Tanto per cominciare non è vero che l’economia si basa sull’assistenza dello Stato, semmai (ma più in passato che oggi) su quella della Regione, a sua volta tratta dall’IRPEF dei Siciliani. Lo Stato non ha mai speso un centesimo per la Sicilia. Lo Stato in Sicilia prende, e basta, e non dà nulla. L’abbiamo detto e scritto in mille modi, portando dati ufficiali. Ma, non importa, sembra di stare in uno dei tanti talk-show Rai o Mediaset, con la Sicilia come facile capro espiatorio nazionale. Poi le “opere pubbliche” non le vediamo da decenni. Le vede solo l’autore del libro. I programmi di investimenti pubblici passati, presenti e futuri non contemplano la Sicilia come regione d’Italia se non per qualche modesta manutenzione. Le pensioni, sì, ci sono, ma ci sono in tutta Italia. Non c’è alcuna specificità pensionistica siciliana. Ma poi c’è la ricetta, velenosa: NON DATE SOLDI ALLA SICILIA! OGNI SOLDO DATO ALLA SICILIA E’ SPRECO E CRIMINALITA’. Capita la morale? Chiudiamo i punti nascita, tagliamo le linee di trasporto interne, chiudiamo le università, chiudiamo le scuole, chiudiamo gli ospedali, chiudiamo i musei, lasciamo che la manutenzione al territorio si faccia da sé, perché in Sicilia Spesa pubblica = Criminalità. Quindi, voi tutti dipendenti pubblici siciliani, siete solo una gran massa di criminali, e così tutti gli imprenditori che vivono di commesse pubbliche, dai laboratori d’analisi agli asili e così via. A questo punto la ricetta è facile. Mai più un soldo alla Sicilia. Tutto a Roma. Più chiaro di così? E questo viene detto, anzi inculcato, a ragazzini/bambini indifesi di 11 anni!! 

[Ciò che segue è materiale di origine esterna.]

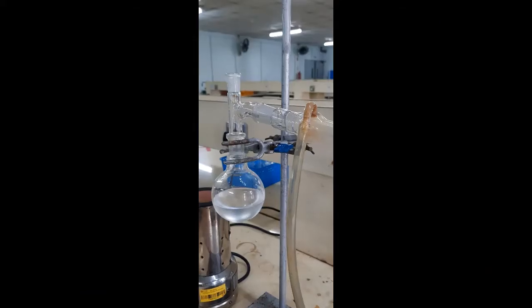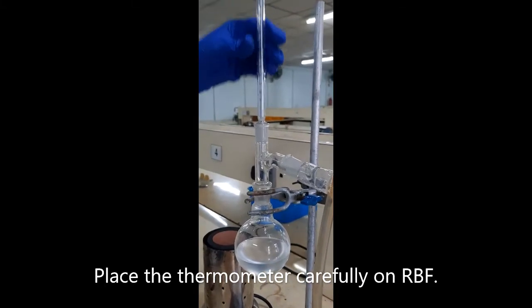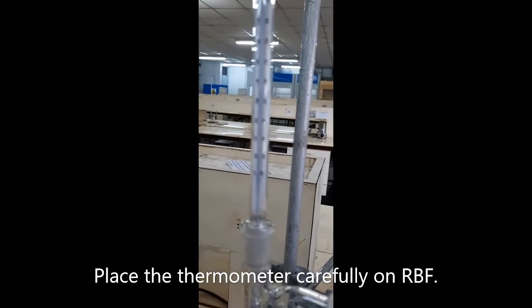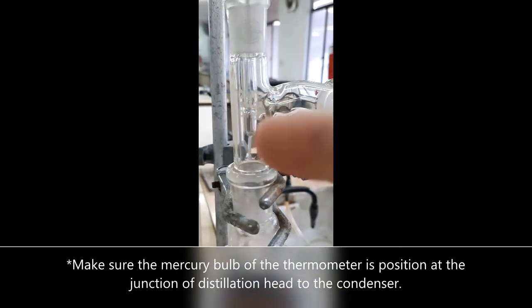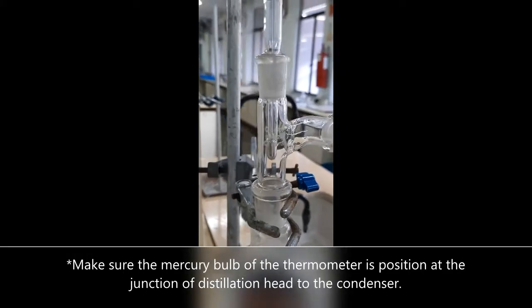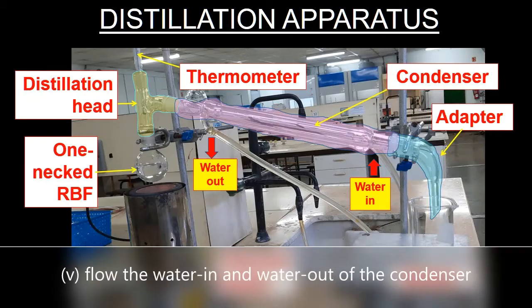The bottom of the thermometer should be at the junction where the adapter meets the condenser. Ensure the mercury bulb of the thermometer is positioned at that junction. Next, turn on the pipe water. Water enters the condenser from the bottom and exits at the higher end.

Da qui la nostra soluzione, non finirà qua. Se per l’italia, corte di cassazione in testa, vendere libri razzisti è lecito per la libertà d’insegnamento, sarà anche lecito, sempre per la libertà d’insegnamento che…

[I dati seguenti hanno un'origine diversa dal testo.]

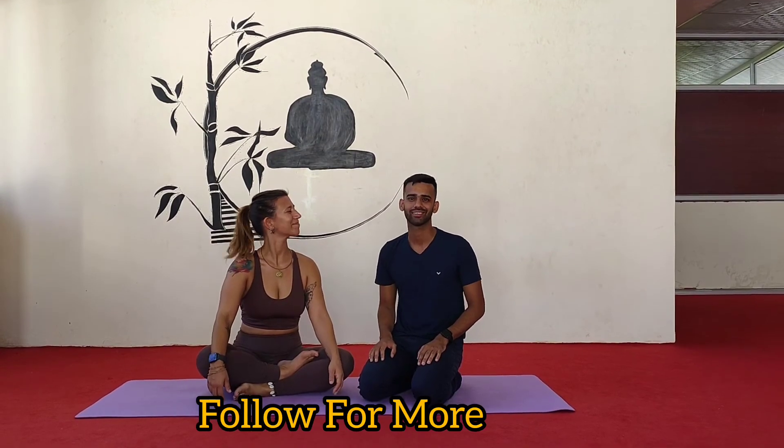Thank you guys for watching the video. If you like the video, you can subscribe to my channel and follow for more. Thank you.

TUTTI GLI INSEGNANTI SICILIANI SI RIFIUTANO DI ADOTTARE LIBRI DELLA PRINCIPATO finché questa non ritira il libro dal commercio e non chiede scusa ai Siciliani.

MA NON SOLO GLI INSEGNANTI SICILIANI IN SICILIA, MA TUTTI GLI INSEGNANTI SICILIANI IN ITALIA, che sono moltissimi, dovrebbero rifiutarsi di adottare un libro di testo che spande razzismo contro la loro gente.

La campagna è partita. Che si faccia girare la presente tra tutti gli insegnanti siciliani in Sicilia e nel Continente.